→ **What this task involves**
Please repeat every record exactly, leaving out any pictures.

--- Available data ---

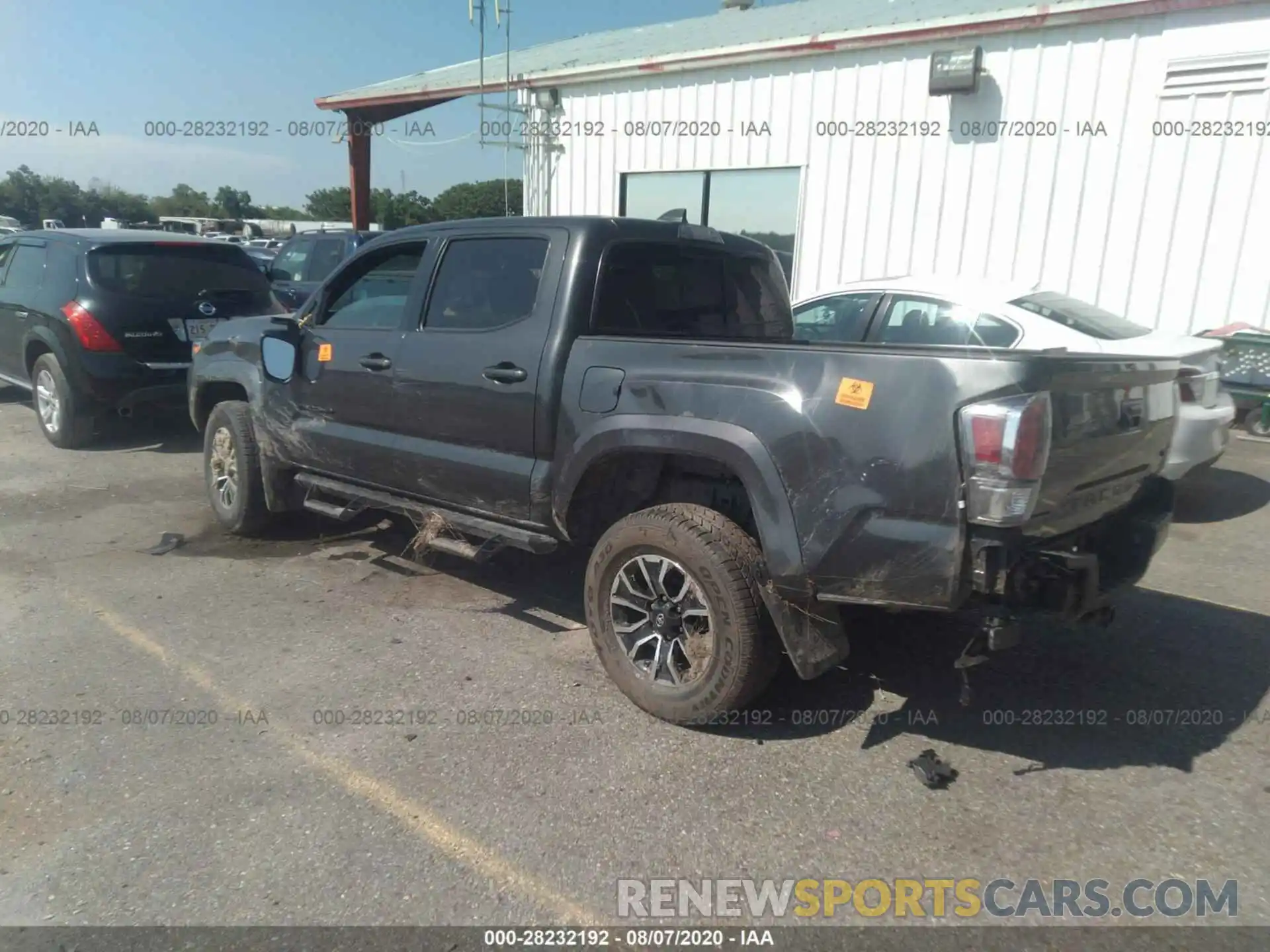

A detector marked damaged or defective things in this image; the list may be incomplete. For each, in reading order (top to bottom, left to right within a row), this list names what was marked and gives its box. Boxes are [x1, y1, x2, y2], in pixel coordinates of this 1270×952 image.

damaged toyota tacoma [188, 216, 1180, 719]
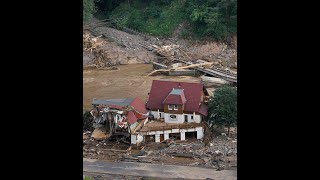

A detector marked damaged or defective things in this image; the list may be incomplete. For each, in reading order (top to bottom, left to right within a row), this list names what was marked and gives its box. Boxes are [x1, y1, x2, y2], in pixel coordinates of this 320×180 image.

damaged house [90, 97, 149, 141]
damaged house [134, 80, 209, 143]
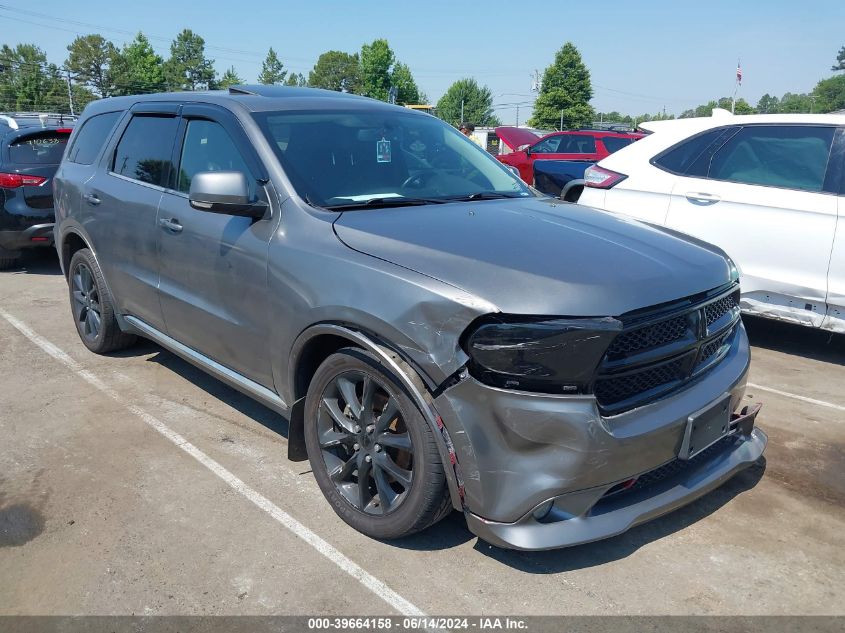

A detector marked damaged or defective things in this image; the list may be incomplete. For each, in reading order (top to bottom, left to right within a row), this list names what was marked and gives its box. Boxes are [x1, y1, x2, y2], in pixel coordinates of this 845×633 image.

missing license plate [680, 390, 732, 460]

---

→ **Response to this task**
A detector marked damaged or defective things in this image; the list may be incomplete. For each, in reading order (top to bottom, left to right within a row), this list names what was marked and gives its box. Boxes are [x1, y1, x2, y2], in pixel coordinates of this 1270×952 image.

damaged toyota tacoma [188, 216, 1180, 719]

A detector marked damaged or defective things in this image; the list may be incomplete. For each, in reading order (top to bottom, left to right within a row), this list names what was marked and gives its box. Boxes are [x1, y1, x2, y2], in pixel coordinates of this 320×180 image.

damaged house [90, 97, 149, 141]
damaged house [134, 80, 209, 143]

A detector marked damaged or defective things in this image; the list may be incomplete. For each, in reading order (top to bottom, left to right within a row), this list names what was marked and gives its box. Boxes are [x1, y1, x2, y2], in pixel coordinates of this 845×633 image.

missing license plate [680, 390, 732, 460]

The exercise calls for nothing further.